A partire da un’idea del Rettore di IULM, Gianni Canova, nasce un racconto in prima persona dalla passione per il jazz alle esperienze di una vita, con questo docu-racconto conosciamo più a fondo l’uomo dietro al regista de La casa dalle finestre che ridono (1976), Regalo di Natale (1986), Il cuore grande delle ragazze (2011) e ora alle prese con Dante (il suo prossimo film in lavorazione).
L’appuntamento è per il 7 settembre, ore 16.00, Sala Laguna (presso Casa degli Autori, via Pietro Buratti 1). A partire dal piccolo cimitero di San Leo, dove sono sepolte molte delle persone che ha amato, Pupi Avati si racconta.
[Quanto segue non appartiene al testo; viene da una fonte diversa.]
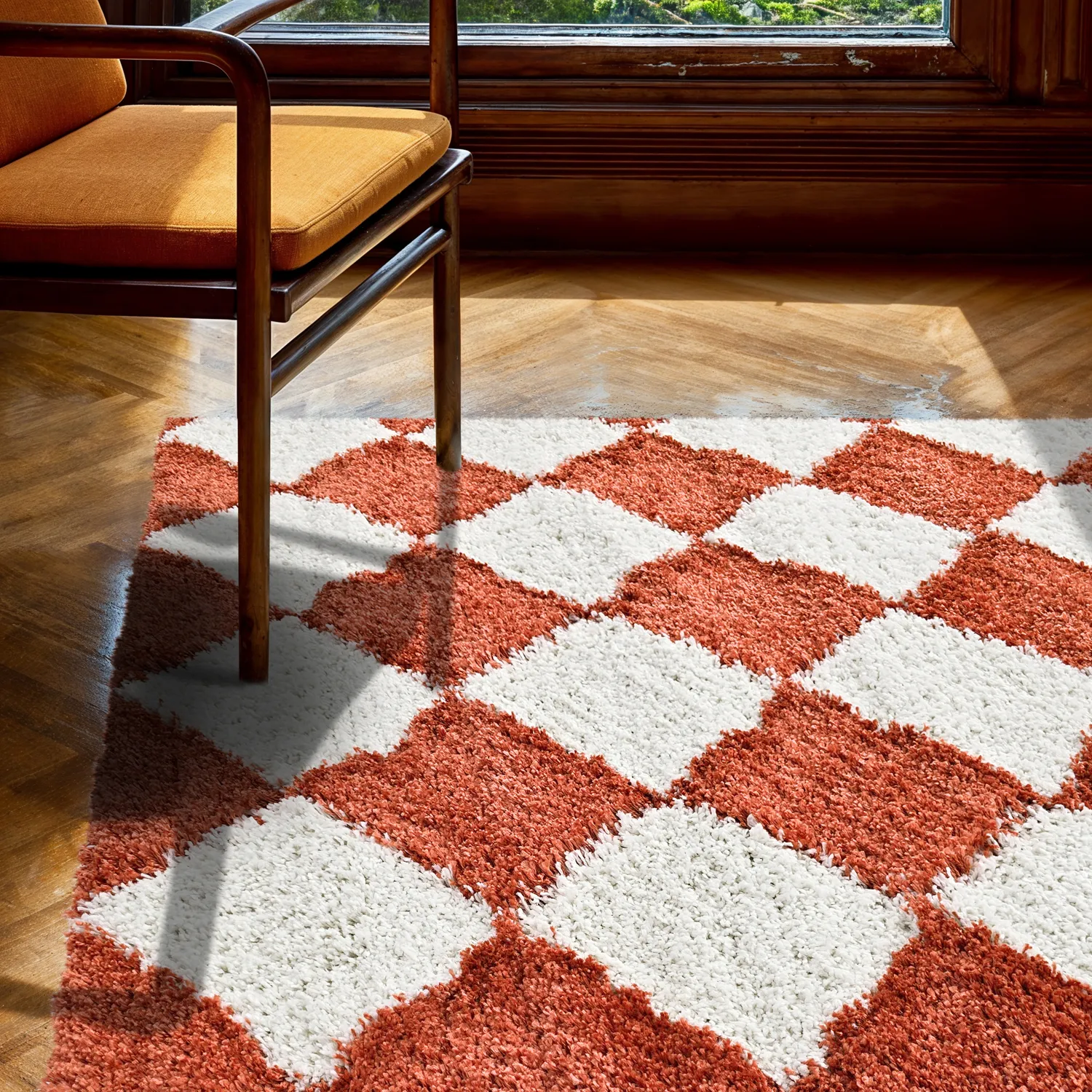 Alfombras de pelo largo - Albi (blanco/naranja)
Un po’ di cinema, un po’ di musica, molta vita. Un viaggio sul filo della memoria, un percorso a ritroso tra gli affetti, i fantasmi e i ricordi di uno dei maestri del cinema italiano. Frammenti di un’autobiografia che si mescola con la storia collettiva.
“Il cinema mi ha dato moltissime gioie, ma anche tantissime sofferenze”, confessa Pupi Avati nel film, “Molte mattine andare sul set rappresenta la cosa che meno vorrei fare al mondo. E mi chiedo: ma perché io mi sto costringendo a questa scelta di vita che mi espone continuamente a questa ricerca di felicità? Perché non siamo mai definitivamente cresciuti?.”
Tra il diario intimo e la confessione filmata, Vorrei sparire senza morire è un percorso che inizia e finisce in due diversi cimiteri, passando per Bologna, il castello di Rocchetta Mattei, gli uffici romani della DueA e gli studi di Cinecittà. Il cinema, che è lo sfondo di tutto, lascia il posto a un sentimento della vita, una riflessione sulla morte, una malinconica rievocazione delle stagioni dell’amore. Con la sua calda umanità, ma anche la sua consumata autoironia, Avati si concede alla videocamera dei giovani filmmaker dell’Università IULM con una sincerità a tratti quasi commovente. E conferma di essere non solo uno dei maestri del cinema italiano, ma anche un uomo che ha vissuto il suo (e il nostro) tempo con un’immersione e una dedizione totali.
Realizzato dagli studenti di IULM Movie Lab, Vorrei sparire senza morire è un film che ambisce a superare la convenzionale attribuzione di un’opera audiovisiva alla paternità di un regista-demiurgo per rivendicare invece il suo essere un’opera collettiva, frutto della convergenza e della sinergia di più sguardi e visioni differenti. Nato da un’idea di Gianni Canova, il film ha preso corpo nelle parole e nei racconti di Pupi Avati grazie al trattamento, al coordinamento e alla produzione esecutiva di Hilary Tiscione. Nicola Baraglia e Marta Erika Antonioli hanno curato riprese e montaggio, mentre il suono in presa diretta è di Emanuele Misurina. La regia, ammesso che ci sia, è il frutto delle discussioni appassionate che hanno coinvolto tutti costoro, assieme ad Antonio Avati e a tutti gli altri che appaiono nei titoli di coda e che hanno contribuito a vario titolo, tutti insieme appassionatamente, al risultato finale.
Iulm Movie Lab è il centro di produzione audiovisiva dell’università IULM di Milano. Collegato al corso di Laurea Magistrale in Televisione, cinema e new media, ha come mission quella di fornire ai laureandi e ai laureati dell’ateneo un’opportunità di crescita professionale che li porti a confrontarsi con concreti progetti produttivi. “Il connubio tra sapere e saper fare – dichiara Gianni Canova – è la chiave di volta di un progetto formativo che punta da sempre, con forza, sull’innovazione, sulla ricerca e sulla sperimentazione. Siamo convinti che solo sporcandosi le mani, costruendo set, sperimentando direttamente modi e forme di produzione, i nostri studenti di cinema e televisione possono acquisire una formazione completa, creativamente matura e consapevole, adeguata alle richieste e alle attese dell’immaginario del nostro tempo”.